Bec said she was not in contact with anyone from White Australia. On the question of whether the marches were sites of neo-Nazi recruitment, she said it was “irrelevant to myself or March For Australia”.

“I can’t comment on what took place in Melbourne, as I publicly withdrew from any organisation of the event,” she said. “But no, they [the NSN] were not invited to speak at the Sydney event, they took part in the open mic section after the designated speakers.

“The March For Australia events were for all Australians, no one was banned from attending.”

She said there were plans for future events.

British protests and Trump raids

The rallies come amid growing anti-immigration protests in the UK as well as the Trump regime’s raids and deportation of migrants.

These ties were recognised in March for Australia messaging, with the main account posting on Instagram in support of Operation Raise the Colours. This movement urges members to raise British flags around the country and post photos, and the 31 August events in Australia was praised in turn by British “patriot” accounts.

Aurelien Mondon, a UK-based academic who attended the recent protests there, has written extensively about how immigration is often used by those on the far right to appeal to the mainstream.

He also says it is important not to describe such movements as “populist”, even when they involve the support of politicians.

“When we allow the far right to be described as populist, we are incorrectly implying that they are tapping into what the people want or that they speak for the ‘silent majority’,” Mondon and a fellow academic, Alex Yates, wrote in a piece for the Conversation last year.

In February, Mike Burgess, Asio’s director general, used his annual threat assessment to outline the spectre of the far right. “We expect nationalist and racist violent extremists to continue their efforts to ‘mainstream’ and expand their movement,” he said.

“They will undertake provocative, offensive and increasingly high-profile acts to generate publicity and recruit.

“While these activities will test legal boundaries, the greatest threat of violence comes from individuals on the periphery of these organised groups.”

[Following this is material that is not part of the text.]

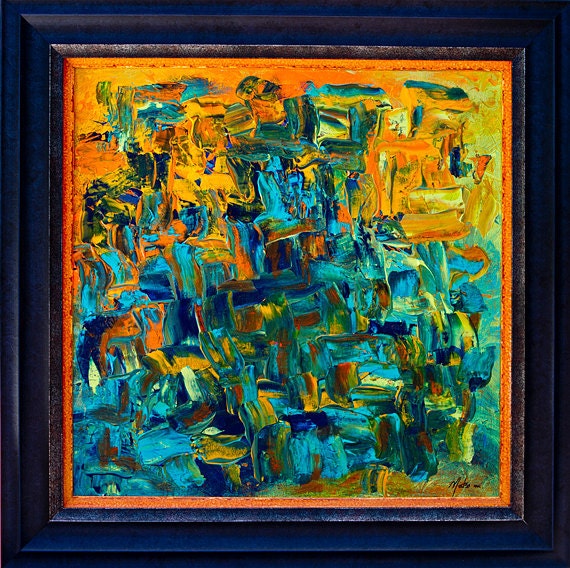 Abstract Acrylic original painting (16x16) framed - Summer Heat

Rallies represent a new escalation

There was a range of grievances on display about perceived immigration rates on Sunday, but it was clear for many that the return to an imagined white Australia was a central theme.

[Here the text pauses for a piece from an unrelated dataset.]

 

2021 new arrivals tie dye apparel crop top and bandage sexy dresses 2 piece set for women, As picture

For Jordan McSwiney, who researches the far right at the University of Canberra, the weekend’s rallies brought to mind the 2015-17 anti-Islam and anti-immigration street protests of Reclaim Australia.

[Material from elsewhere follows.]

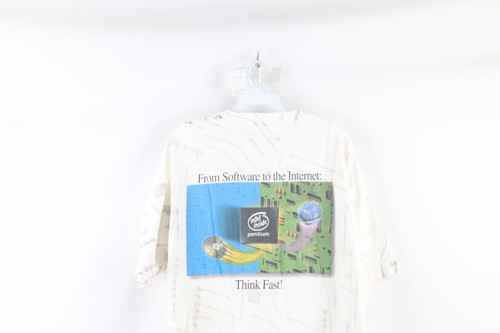 Vtg 90s Intel Computers Mens XL Distressed All Over Print Double Sided T-Shirt - Picture 9 of 11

This time, however, far-right groups were not shielding their involvement.

McSwiney noted how “easy it has been for the NSN to basically use the shield of ‘ordinary mums and dads’ to sell white supremacy to a big crowd of people who may very well have genuine concerns … that won’t be fixed by stopping immigration.”

In his view, the recent response of state and federal governments to these movements – banning known Nazi symbols, for example – has been a distraction, and has not made it meaningfully more difficult for neo-Nazis to organise and recruit in Australia. As has been the “softball condemnations” of some politicians in response to the rallies – and the presence of others.

For Peucker, Sunday’s rallies represent a new escalation that demonstrated how the views of some who consider themselves “part of the ordinary Aussie mainstream” overlap with the political agenda of openly white nationalist groups.

“It’s not that white supremacy, which was present clearly yesterday, is something that the neo-Nazis in some evil, secretive fashion introduced into the political mainstream,” Peucker said. “It is something that has always been present in parts of the mainstream.”